Activity ▸ The records below are to be output exactly, except for their pictures.

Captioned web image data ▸
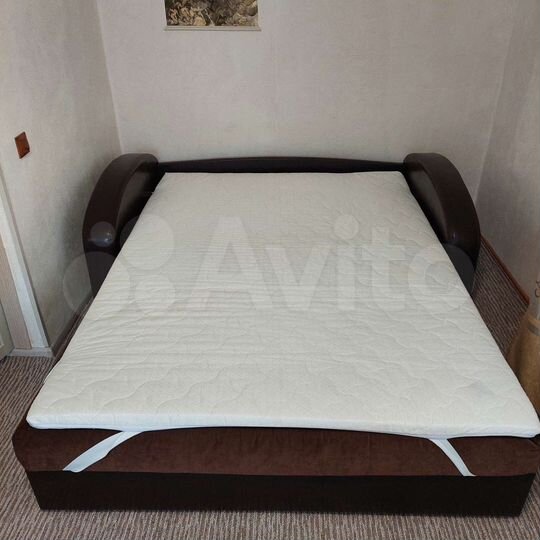 1-к. квартира, 39 м², 3/4 эт.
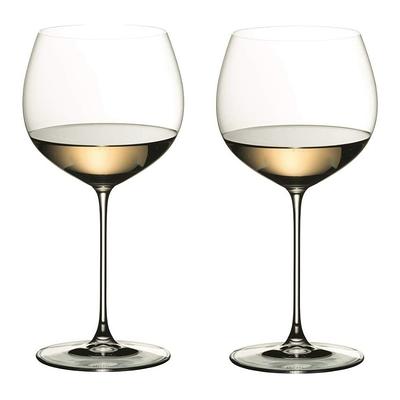 Riedel Veritas Champagne Glass, Clear - 2 count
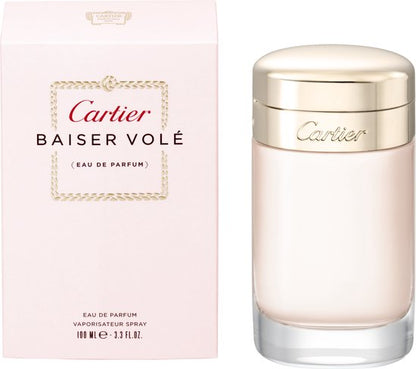 Cartier Baiser Vole 100 ml - Eau de Parfum - Damesparfum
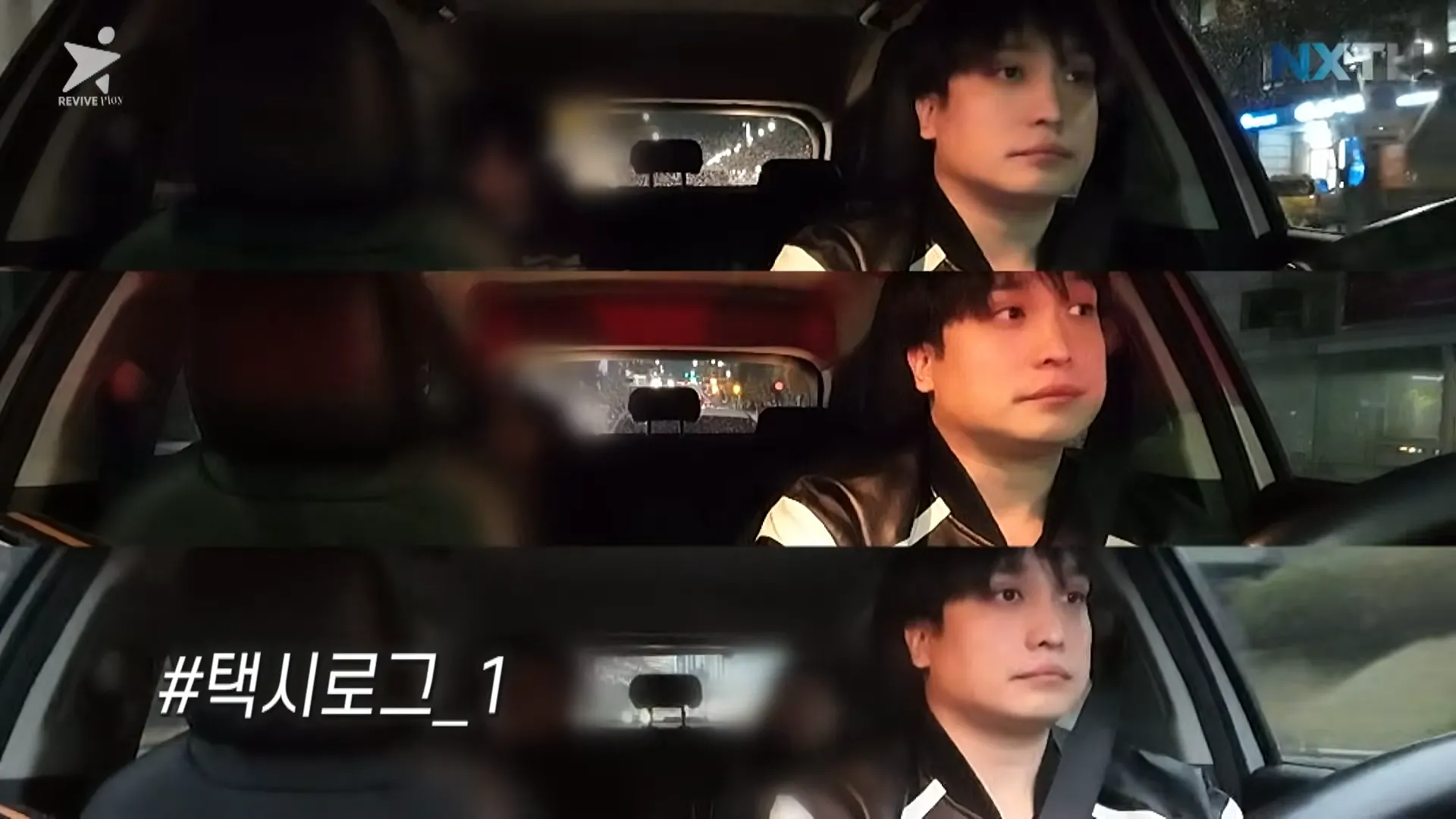 Kim Tae-heon, ZE:A, taxista, ganarse la vida, ingresos, ganancias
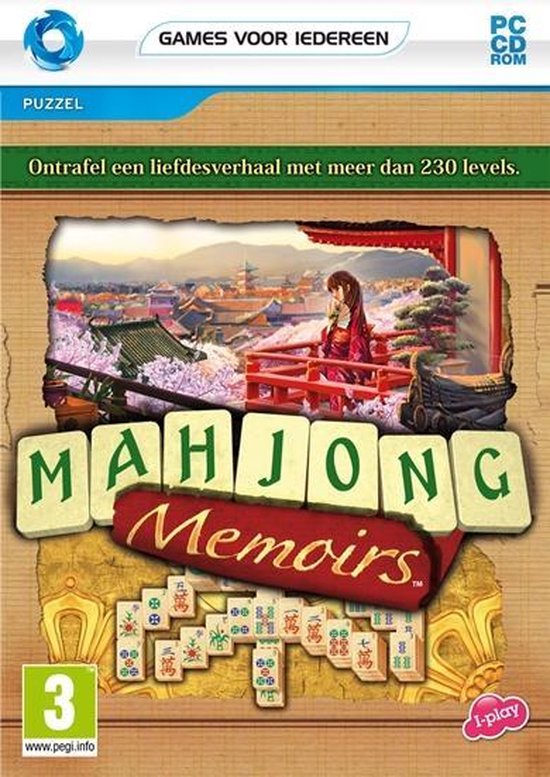 Mahjong Memoirs – Windows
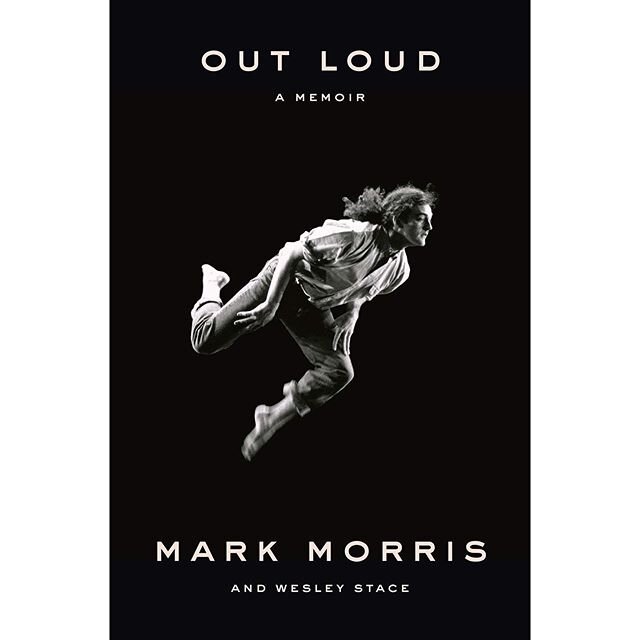 GIVEAWAY! Mark Morris choreographed his first performance under the Mark Morris Dance Group 40 years ago! Learn more about this legendary NYC figure and WIN A FREE copy of his new memoir by replying with your favorite dance company, venue, choreograp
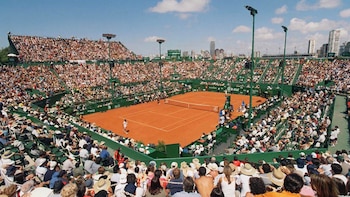 Memorias del Argentina Open: ídolos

Exercise answer ▸
 1-к. квартира, 39 м², 3/4 эт.
 Riedel Veritas Champagne Glass, Clear - 2 count
 Cartier Baiser Vole 100 ml - Eau de Parfum - Damesparfum
 Kim Tae-heon, ZE:A, taxista, ganarse la vida, ingresos, ganancias
 Mahjong Memoirs – Windows
 GIVEAWAY! Mark Morris choreographed his first performance under the Mark Morris Dance Group 40 years ago! Learn more about this legendary NYC figure and WIN A FREE copy of his new memoir by replying with your favorite dance company, venue, choreograp
 Memorias del Argentina Open: ídolos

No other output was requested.